Quant aux entreprises exclues du bénéfice des BSPCE, la
fiscalité des stock-options de droit commun est un handicap majeur
lorsqu'il s'agit d'attirer des cadres qui bénéficient à
l'étranger de régimes fiscaux beaucoup plus avantageux. Or, la
situation, loin de s'améliorer, s'est aggravée à la suite
de l'adoption par l'Assemblée nationale, lors de l'examen du projet de
loi sur les nouvelles régulations économiques, d'une
réforme de la fiscalité des stock-options. Les nouvelles
dispositions prévoient de porter de 40 à 50 % la taxation des
plus-values supérieures à un million de francs, au terme d'un
délai d'indisponibilité des actions ramené de cinq
à quatre ans. Elle est maintenue à 40 % pour les plus-values
inférieures à 1 million de francs. Si, après le
délai de quatre ans, le bénéficiaire conserve, pendant au
moins deux ans, ses actions, le taux est de 40 % pour les plus-values
supérieures à un million de francs et ramené à 26 %
lorsque le montant de la plus-value est inférieur.

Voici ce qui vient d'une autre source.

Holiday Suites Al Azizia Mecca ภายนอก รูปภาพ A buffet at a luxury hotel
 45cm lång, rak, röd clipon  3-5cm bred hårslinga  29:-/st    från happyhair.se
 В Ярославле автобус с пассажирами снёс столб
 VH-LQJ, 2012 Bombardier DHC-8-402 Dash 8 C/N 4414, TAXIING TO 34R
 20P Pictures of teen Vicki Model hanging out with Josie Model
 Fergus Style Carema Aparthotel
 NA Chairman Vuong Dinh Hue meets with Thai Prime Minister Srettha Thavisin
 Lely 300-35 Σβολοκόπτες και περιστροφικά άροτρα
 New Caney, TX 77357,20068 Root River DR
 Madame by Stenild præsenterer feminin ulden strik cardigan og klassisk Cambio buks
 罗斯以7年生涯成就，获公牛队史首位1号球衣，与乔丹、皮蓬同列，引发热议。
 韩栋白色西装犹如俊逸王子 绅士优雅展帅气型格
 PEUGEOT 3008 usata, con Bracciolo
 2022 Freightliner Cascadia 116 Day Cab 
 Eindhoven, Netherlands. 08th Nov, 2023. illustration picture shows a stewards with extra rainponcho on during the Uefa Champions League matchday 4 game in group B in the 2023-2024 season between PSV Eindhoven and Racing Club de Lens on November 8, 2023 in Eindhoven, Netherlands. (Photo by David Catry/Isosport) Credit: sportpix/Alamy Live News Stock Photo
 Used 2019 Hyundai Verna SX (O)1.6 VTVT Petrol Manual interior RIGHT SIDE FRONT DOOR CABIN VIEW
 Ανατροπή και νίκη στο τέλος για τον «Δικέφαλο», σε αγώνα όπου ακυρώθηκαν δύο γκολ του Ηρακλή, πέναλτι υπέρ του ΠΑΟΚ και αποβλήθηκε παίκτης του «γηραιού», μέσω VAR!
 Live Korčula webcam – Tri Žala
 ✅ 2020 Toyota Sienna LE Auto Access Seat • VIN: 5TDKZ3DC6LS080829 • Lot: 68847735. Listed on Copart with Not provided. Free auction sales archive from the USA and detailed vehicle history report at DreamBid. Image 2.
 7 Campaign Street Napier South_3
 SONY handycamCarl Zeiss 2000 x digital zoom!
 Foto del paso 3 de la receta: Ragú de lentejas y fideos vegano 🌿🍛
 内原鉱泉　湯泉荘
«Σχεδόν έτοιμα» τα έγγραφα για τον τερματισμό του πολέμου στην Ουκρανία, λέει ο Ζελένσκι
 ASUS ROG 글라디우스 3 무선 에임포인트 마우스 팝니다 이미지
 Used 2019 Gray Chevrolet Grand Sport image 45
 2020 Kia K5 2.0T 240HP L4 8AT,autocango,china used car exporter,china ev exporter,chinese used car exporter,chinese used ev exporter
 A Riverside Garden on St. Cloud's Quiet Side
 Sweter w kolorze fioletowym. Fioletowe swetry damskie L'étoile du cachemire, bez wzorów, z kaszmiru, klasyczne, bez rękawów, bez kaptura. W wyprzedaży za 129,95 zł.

Alors que le rapport sur l'épargne salariale, remis au Premier ministre,
soulignait que "
tout renforcement de la fiscalité des options
entamerait la compétitivité des entreprises françaises
confrontées à l'internationalisation des emplois
qualifiés
"
83(
*
)
,
ces dispositions, présentées comme un compromis, ne vont pas dans
le bon sens, sauf celle qui ramène à 26 % le taux applicable
aux salariés qui conservent leurs actions pendant plus de six ans.
Encore ce délai est-il trois fois supérieur à celui
pratiqué dans les pays anglo-saxons.
La réglementation française sur les stock-options est d'autant
plus décalée que nos partenaires européens ont eu
récemment tendance à libéraliser leur propre
législation. Ainsi l'Italie a-t-elle adopté un des régimes
les plus favorables au monde, la taxation des plus-values étant
fixée, selon les cas, à 12,5 % ou à 27 %. La
Belgique a nettement amélioré celui qui avait été
mis en place en 1984, l'assiette de l'imposition pouvant être
ramenée à moins de 4 % pour un taux d'imposition marginal de
55 %, système d'autant plus favorable que l'action connaît
une plus forte progression. Au Royaume-Uni, le Gouvernement vient
d'exonérer de tout impôt le personnel d'encadrement des start-ups
dans la limite d'un certain plafond. Une fois réalisées, les
plus-values seraient définitivement taxées à un taux de
10 % au lieu du taux marginal de l'impôt sur le revenu de 40 %.
La plupart des pays ont donc pris des dispositions favorables à la
création d'entreprises innovantes. Celles adoptées en France,
pour utiles qu'elles soient, sont par comparaison souvent moins avantageuses.
Cette situation explique que de nombreux entrepreneurs continuent de
développer leurs projets à l'étranger.